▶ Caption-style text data
--------

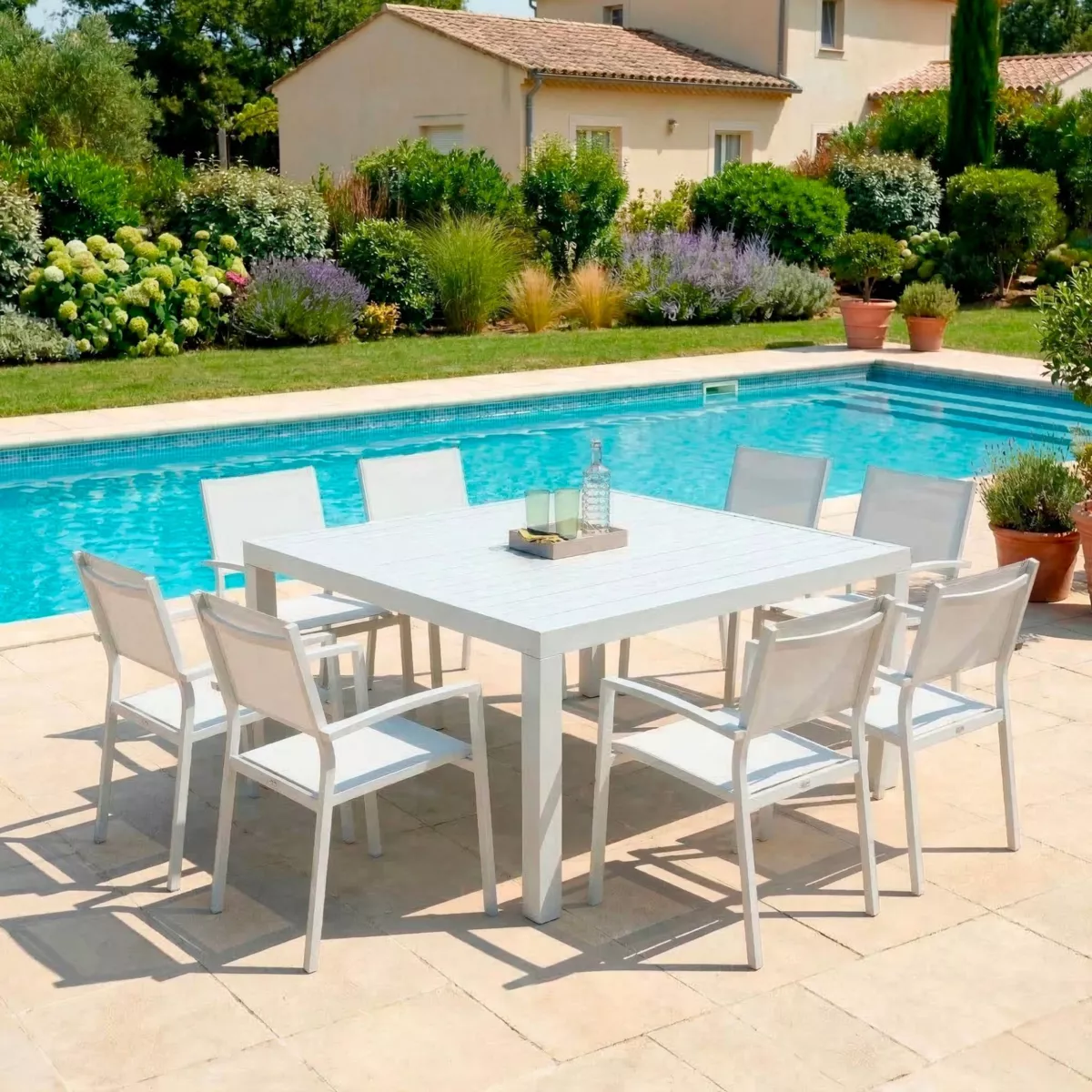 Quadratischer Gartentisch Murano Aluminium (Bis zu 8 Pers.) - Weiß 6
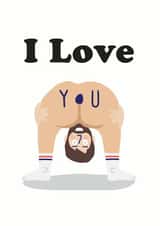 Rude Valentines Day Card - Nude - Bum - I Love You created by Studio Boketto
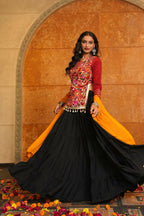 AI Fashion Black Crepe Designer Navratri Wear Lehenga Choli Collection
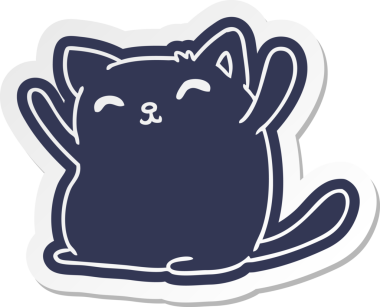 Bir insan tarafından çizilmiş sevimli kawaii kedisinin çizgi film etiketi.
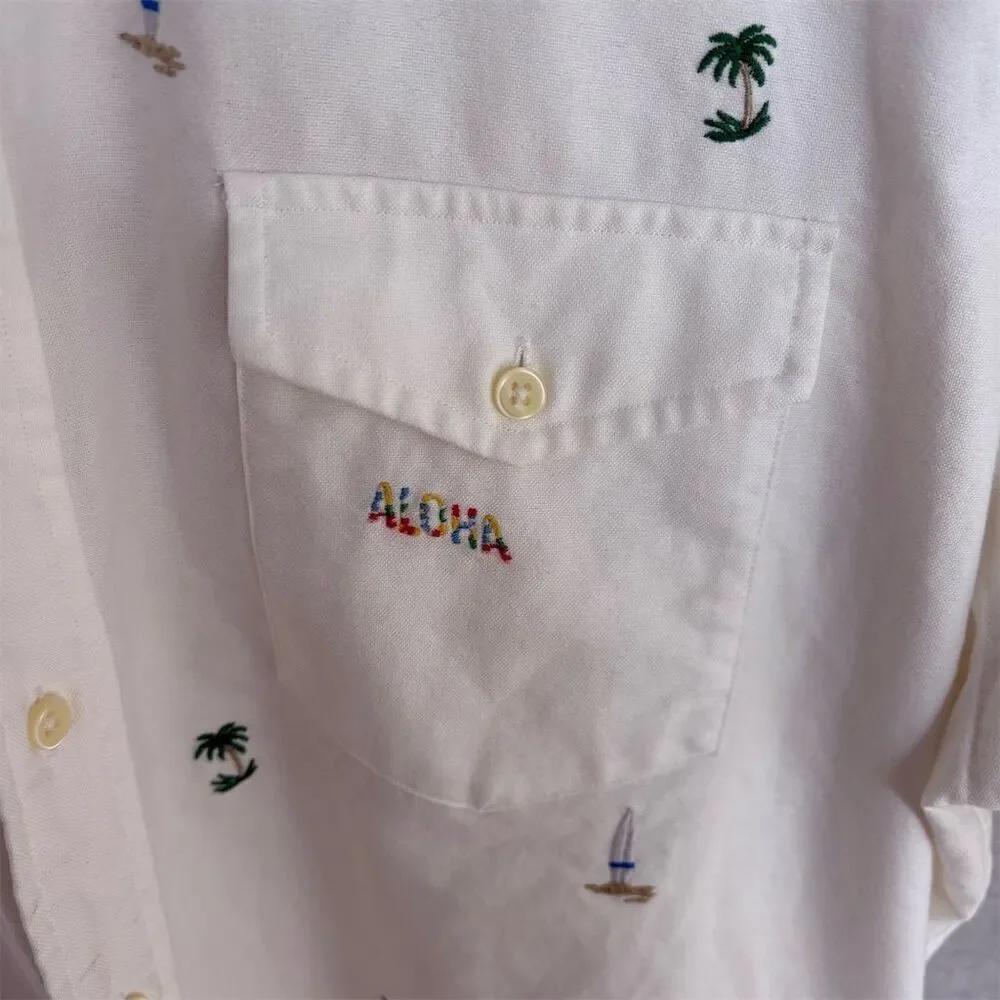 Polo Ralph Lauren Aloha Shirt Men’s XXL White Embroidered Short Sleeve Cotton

--------

▶ TASK PROMPT
Could you write out, word for word, the lines from the one containing "AI Fashion Black" through the last line of the records, leaving out the pictures?

▶ RESULT FOR THIS EXERCISE
 AI Fashion Black Crepe Designer Navratri Wear Lehenga Choli Collection
 Bir insan tarafından çizilmiş sevimli kawaii kedisinin çizgi film etiketi.
 Polo Ralph Lauren Aloha Shirt Men’s XXL White Embroidered Short Sleeve Cotton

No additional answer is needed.